To cut to the chase, I'm curious about where I might find girls who are into, or at least don't mind, a guy who:

- Is shy and awkward around large groups and new people
- Does not party or club or barhop, _ever_
- Can be funny and adventurous at times, but only in a "nerdy" context and not in a conventional way that will make her friends (if any) jealous
- Is not socially confident; only confident in his principles and life decisions
- Does not give a rat's behind about "the crowd" and needs someone who truly feels the same, and strongly

Right now, I'm a grad student in a science major where one might expect to find nerds. Many of the girls in the program may jokingly refer to themselves as nerds, but I dare say not one of them is really that similar to me on a more fundamental level. Most spend much of their spare time actively trying to compensate for any perceived "nerdiness" associated with their major and career choice (as do most of the guys, too, I must admit). So, the seemingly-obvious answer of "right under your nose!" or "in a club related to your interest" is out the window from the get-go.

So, girls of SAS who believe you might roughly fit the description, please enlighten us as to where you may be hiding. Guys, if you've dated/known girls you think actually go for what I described (as opposed to just saying they do verbally or on a profile, which is a whole different ballgame), feel free to chime in.


----------



## TPower (Feb 3, 2011)

Try shy girls.


----------



## Double Indemnity (Aug 15, 2011)

Is the internet too obvious of an answer? I met my husband online.


----------



## anomalous (Jun 12, 2004)

Double Indemnity said:


> Is the internet too obvious of an answer? I met my husband online.


Not too obvious; just not specific enough. Where at? I'm generally averse to the idea of online dating sites for a lot of reasons (Exhibit A, if you'd like). But, that doesn't make it an invalid answer, and all input is welcome.


----------



## Double Indemnity (Aug 15, 2011)

anomalous said:


> Not too obvious; just not specific enough. Where at? I'm generally averse to the idea of online dating sites for a lot of reasons (Exhibit A, if you'd like). But, that doesn't make it an invalid answer, and all input is welcome.
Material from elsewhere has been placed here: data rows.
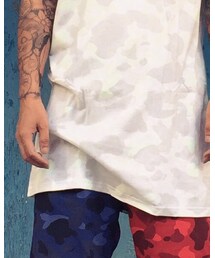 A BATHING APE | Tシャツ/カットソー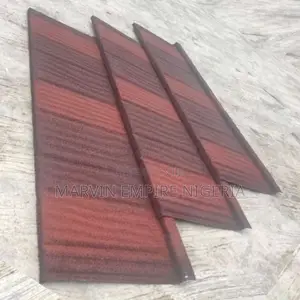 Red Gerard Shingle Profile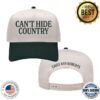kenny Emily Ann Merch Store Cant Hide Country Hat 1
Well, this is going to date me but it was an AOL chat room. Haha.


----------



## xxLambyxx (Aug 2, 2011)

Well, I am attracted/don't mind shy or nerdy guys.

-I'm shy, nervous and awkward around large groups and new people. Of course I am, that's why I'm here 

-I do go to my best friends birthday parties and go clubbing/barhopping whenever my friends drag me out (every few months or so, generally when there's a celebration or if we haven't seen each other much).

I don't mind if someone I was dating didn't go out partying etc, but asking for a girl that _never_ went for a night out is asking quite a lot and is something you'd probably have to compromise on and anyway, you and your partner would need at least some time apart to do separate stuff.

-I get told by some people that I'm funny, mainly friends.

Again, asking for a girl that _only_ finds nerdy stuff funny is asking a lot. If I find something funny, then I find it funny.

If I want to explore something or do something, then I'll most likely explore it. I wont be put off just because its not nerdy enough for me, I'll only be put off if i find it too embarrassing or too scary. 

I don't go out of my way to make other people jealous, that's not my aim in life. I'd rather do what ever It is that I want to do, rather then worry about if others are envious of what I have.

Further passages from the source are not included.